La Commission européenne sous le feu des critiques

Face à ce rapport dévastateur, la Commission européenne tente une défense maladroite. « Nous avons pris bonne note des recommandations et nous les avons acceptées. Nous reconnaissons que nous travaillons parfois dans des situations complexes », a réagi une porte-parole de la Commission. Promettant de « mieux cibler » l’aide et d’« améliorer l’exactitude des données », elle promet de renforcer la détection des risques.

Pourtant, ce n’est pas la première fois que la Cour des comptes européenne met en lumière les défaillances du FFU. En 2018 déjà, un premier rapport pointait des aides mal ciblées et des retards importants.
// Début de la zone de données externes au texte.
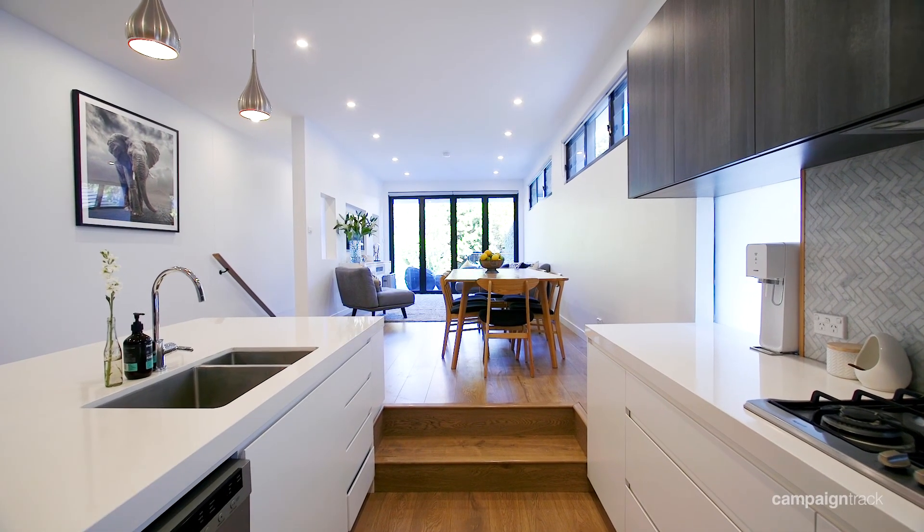Welcome to this beautifully presented, recently renovated five-bedroom home designed for the whole family to enjoy. 3 Hooper Street, Ramwick. This terrific property has so much appeal.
Mais, selon Bettina Jakobsen, « les critiques restent inchangées, car le champ d’action du fonds demeure trop vaste et mal structuré ».

Une chaîne de responsabilités floue

La création du FFU remonte à la présidence de Jean-Claude Juncker. À l’époque, c’est Federica Mogherini, haute représentante de l’Union pour les affaires étrangères, qui en était responsable. Aujourd’hui, sous la Commission von der Leyen, la gestion du FFU est partagée entre la Finlandaise Jutta Urpilainen, commissaire aux Partenariats internationaux, et le Hongrois Oliver Varhelyi, en charge du Voisinage et des négociations d’élargissement. Ce dernier doit prochainement passer des auditions devant le Parlement européen.

Sera-t-il interrogé sur cet échec retentissant ? L’avenir le dira. Quoi qu’il en soit, le Fonds fiduciaire d’urgence pour l’Afrique est devenu le symbole des défaillances de l’UE en matière de gestion migratoire.